Question

This has to do inscribing. find the area of the largest rectangle that can fit into this ellipse: x^2+4y^2=4

Answer 1

So, looking at it. First we need a goal. The largest rectangle will have the largest Area. So we are trying to find the Biggest amount of area.

Answer 2

Hmm I think it might be easier to NOT work in the first quadrant.
This is my thought.Labeling the sides of our rectangle gives us:\[\Large\bf\sf A\quad=\quad (2x)(2y)\quad=\quad 4xy\]And of course we have our constraint,\[\Large\bf\sf x^2+4y^2=4\qquad\to\qquad x=2\sqrt{1-y^2}\]

Answer 3

\[\Large \bf\sf A=4y\left(2\sqrt{1-y^2}\right)\]

Answer 4

\[\Large\bf\sf A'=8\sqrt{1-y^2}+8y\frac{-2y}{2\sqrt{1-y^2}}\]Looking for critical points, we set the derivative function equal to zero and we'll need to find a common denominator:\[\Large\bf\sf 0=\frac{1-y^2-y^2}{\sqrt{1-y^2}}\]Multiply through by the denominator:\[\Large\bf\sf 0=1-2y^2\]Giving us a critical point of:\[\Large\bf\sf y=\frac{\sqrt2}{2}\]

Answer 5

Bravo!

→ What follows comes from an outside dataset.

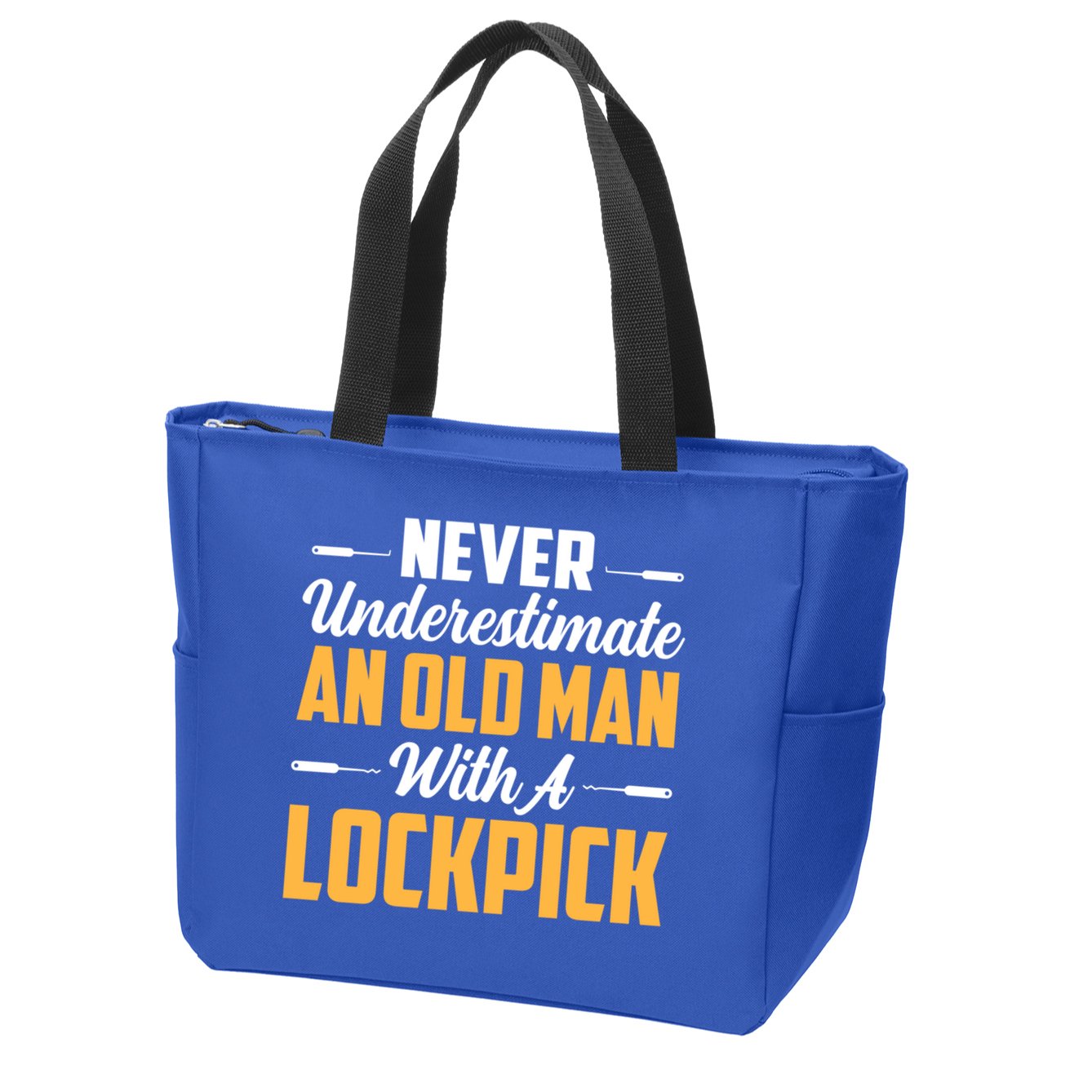 Never Underestimate An Old With A Lockpick Locksmith Gift Zip Tote Bag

I totally got stumped while I was trying to figure it out.

Answer 6

so how do I find the area

Answer 7

So we should determine if this y critical point corresponds to a max or a min. It's going to be a max, but your teacher would probably want you to check.

Answer 8

\[\Large\bf\sf A'(1/4)=\frac{1-2\left(\frac{1}{4}\right)^2}{\sqrt{1-y^2}}\]Gives us a positive number. So the function is increasing on the left of our critical point.